TASK REQUIREMENTS: Every record must be transcribed in its entirety, apart from the images, which are to be omitted.

START MATERIAL SHOWN

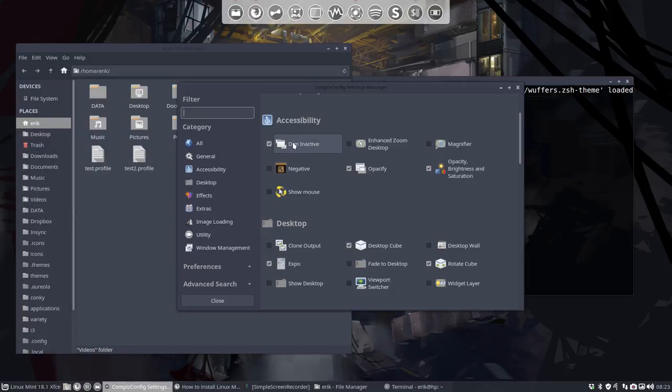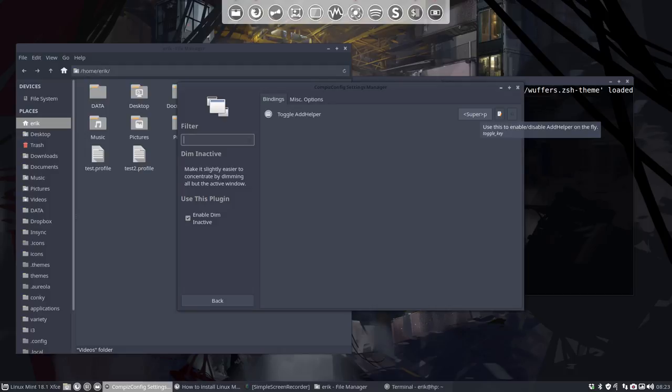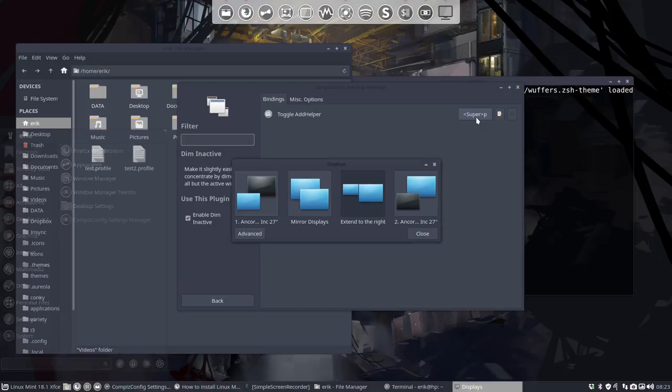I am going to show you this one, DIM inactive, and the toggle helper is bad. We are XFCE and is very allergic to using the super key, so the Windows key. Super P is doing lots of stuff, but not what it's intended to do.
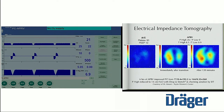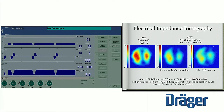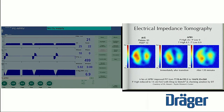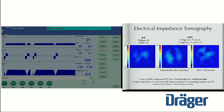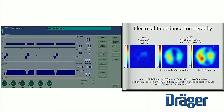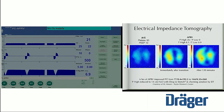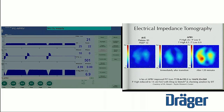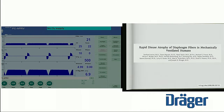Just briefly on EIT: this is the maximum aeration on low tidal volume strategy. The patient's not breathing very well here, but the patient is starting to breathe here, and you can see there's a shift more to the basilar part of the lung when you actually start spontaneous breathing.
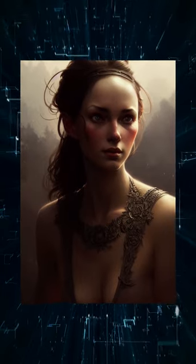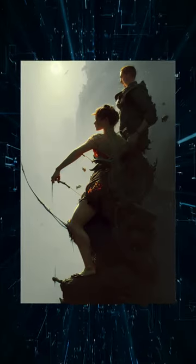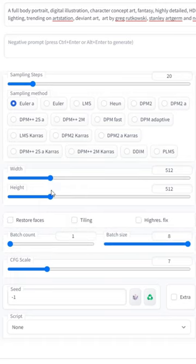If you want to make high quality character art with AI, there's a couple of things you can do when structuring your prompts. First, set the width to 512 and then the height to 768.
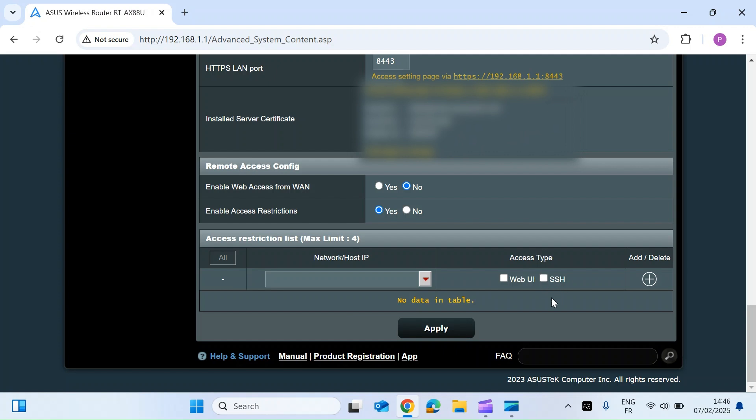So one of the things I would say before you go ahead and do this, make sure that the device you want to log into has got a fixed IP address. So if you don't know how to do that, I have posted a video on how to do that. So take a look in the video description below or just have a look in my ASUS video playlist.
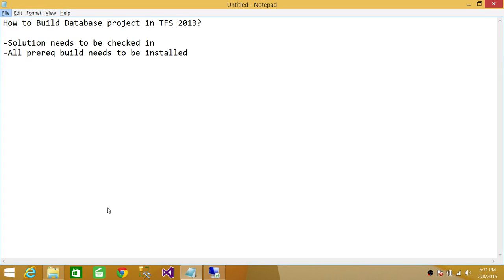Welcome to Tech Brothers. In this video, we're going to learn how to build a database project in Team Foundation Server 2013.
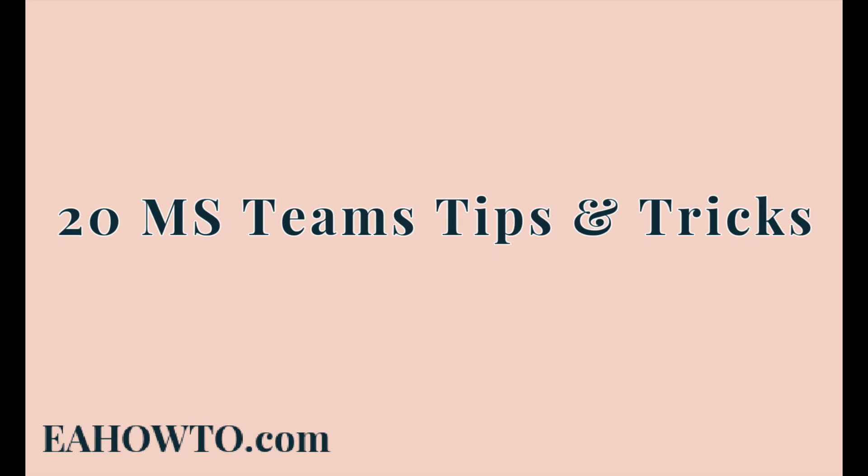This video is 20 Microsoft Teams tips and tricks. If you're looking for a specific tip, check the timestamps in the video description so you can skip ahead.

END MATERIAL SHOWN

EXERCISE RESPONSE:
I am going to show you this one, DIM inactive, and the toggle helper is bad. We are XFCE and is very allergic to using the super key, so the Windows key. Super P is doing lots of stuff, but not what it's intended to do.
Just briefly on EIT: this is the maximum aeration on low tidal volume strategy. The patient's not breathing very well here, but the patient is starting to breathe here, and you can see there's a shift more to the basilar part of the lung when you actually start spontaneous breathing.
If you want to make high quality character art with AI, there's a couple of things you can do when structuring your prompts. First, set the width to 512 and then the height to 768.
So one of the things I would say before you go ahead and do this, make sure that the device you want to log into has got a fixed IP address. So if you don't know how to do that, I have posted a video on how to do that. So take a look in the video description below or just have a look in my ASUS video playlist.
Welcome to Tech Brothers. In this video, we're going to learn how to build a database project in Team Foundation Server 2013.
This video is 20 Microsoft Teams tips and tricks. If you're looking for a specific tip, check the timestamps in the video description so you can skip ahead.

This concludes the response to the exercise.